Our property is surrounded by a giant wooden fence. When you exit the back porch onto the patio, there’s a covered section enclosed by the fence. The cover section is normally filled with chairs, machinery, garden tools, inflated balls, and tennis rackets; this day was no exception. From the back corner of this enclosed area, there was a scratching sound. If you jostled some things, it would stop for a moment, but ultimately, it continued to scrape for the entirety of the day.
My mother told me to wait until my father came home to investigate. We didn’t know what it was. It could be a rat.
My cousin came home before my dad did that day, and being a rugged farm boy, he grabbed a glove and fished out whatever feral thing was making such incessant scratching noises. When he pulled back his hand, we found a baby squirrel.
It was absolutely adorable, and absolutely terrified of us. The poor thing had been trapped somehow in the fence, and my cousin had rescued it. Mom quickly grabbed an empty fish tank so we could hold him until my dad came home.
We intended to release him outside of the fence, so he wouldn’t get stuck again. However, when we’d finally given our tearful goodbyes to Hammy (a reference to Over the Hedge), he didn’t leave. He instead padded after my cousin, his savior.
My cousin, being a rugged farm boy, told Hammy to “git”, but the squirrel didn’t listen, choosing to crawl on him instead.
Since Hammy wouldn’t leave, we got him a pampered three-level home with the door set for him to come and go as he pleased.
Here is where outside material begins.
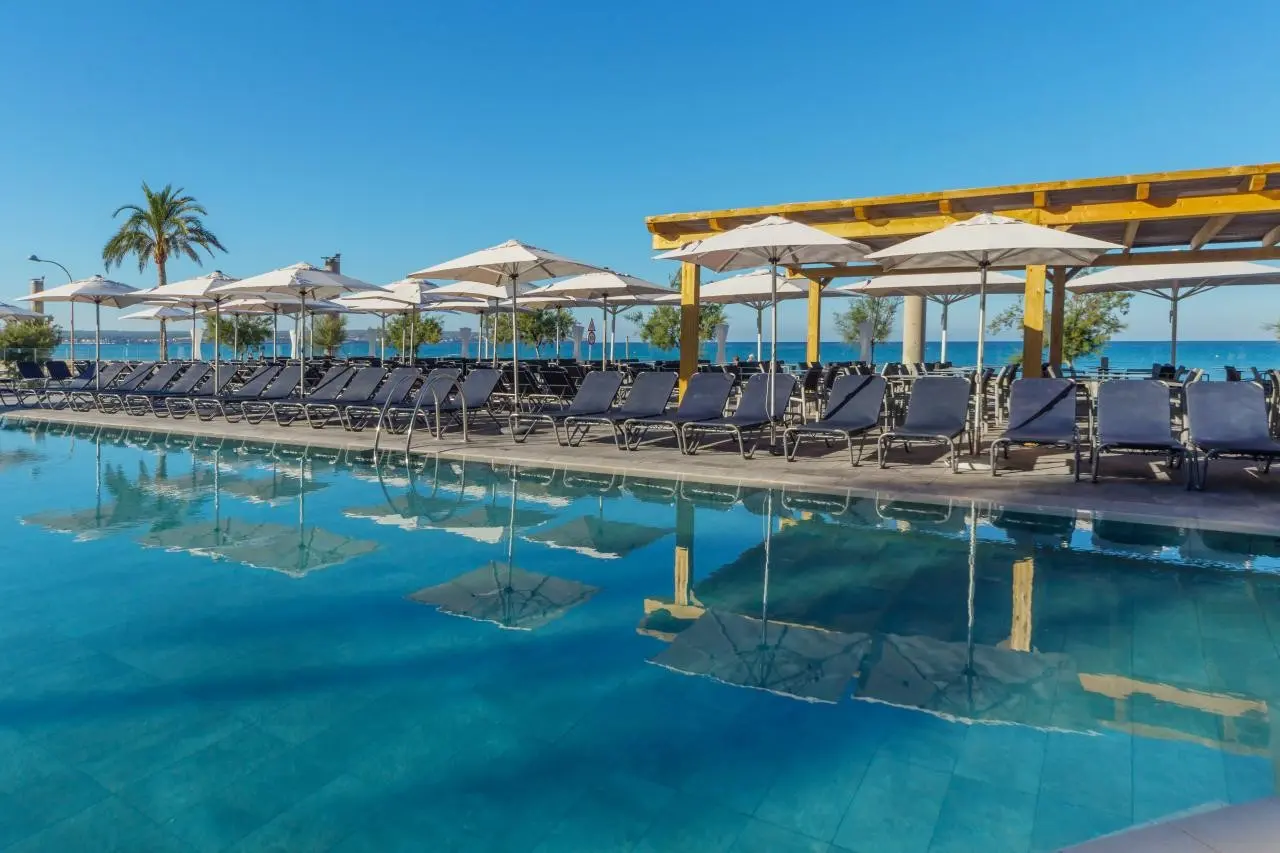 Aparthotel Fontanellas Playa — FONTANELLAS PLAYA APARTHOTEL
We fed him acorns and nuts and corn (if I remember correctly). For months, we had a pet squirrel on our residence who was quite content to be touched or to perch on your shoulder.
One morning, my mother went out to greet Hammy. He climbed out the door, jumped onto her shoulder, bit her ear, and darted away, never to be seen again. Mom said he had reached his teenage years.
Any time we saw a squirrel for years after, we would greet him as Hammy. We’re sure he’s still out there, somewhere.